In London the equity market is up 0.6%, as the strong demand for mining stocks pushes the index higher.

The mining sector is up 1.5%, and, as one of the biggest components of the London equity index, it has ensured a strong start back to the trading session after being closed for the past two days.

Borrowing drops for China

Overnight the Peoples Bank of China made a cash injection into the interbank market in order to increase liquidity, driving the borrowing costs for Chinese banks to its biggest weekly drop since 2011. China is a major importer of minerals, and traders bought natural resource stocks as they felt a more robust interbank market would ensure domestic companies would be able to continue their high levels of business activity.

Strong supermarket sales anticipated

British retailers are in the black today after the Boxing Day bonanza.
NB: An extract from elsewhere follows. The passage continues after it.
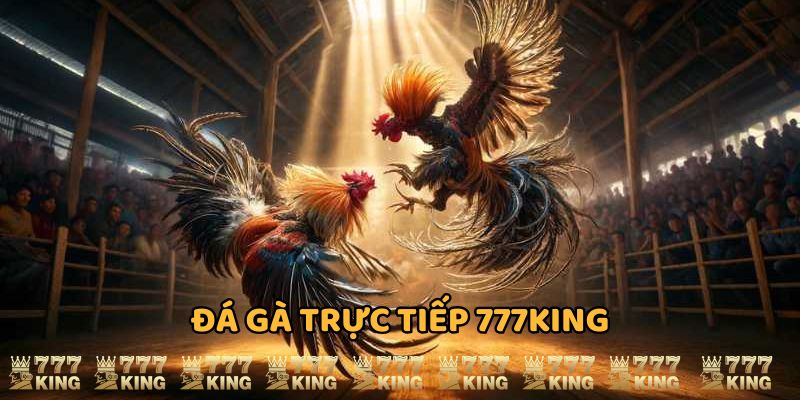 Đá gà trực tiếp 777king hình đại diện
As the UK's vital signs improve, dealers are already speculating that supermarkets sales will be strong; Tesco and Morrisons are up 1.1% and 1.5% respectively.

US optimistic after unemployment drop

We are expecting the Dow Jones to open six points higher at 16,485. US index futures are extending their gains due to yesterday’s drop in the number of people claiming unemployment benefit by 42,000. This exceeded analyst expectations and is further proof that the US economy is growing.

Negative outlook for safe havens

Gold is broadly unchanged on the day as the metal faces its first annual loss in more than a decade. If it dips below the important $1200 mark we could see some bargain hunting.

Light liquidity has resulted in losses for the US dollar. Despite tapering from the Federal Reserve, dealers are still not convinced of its safe-haven status.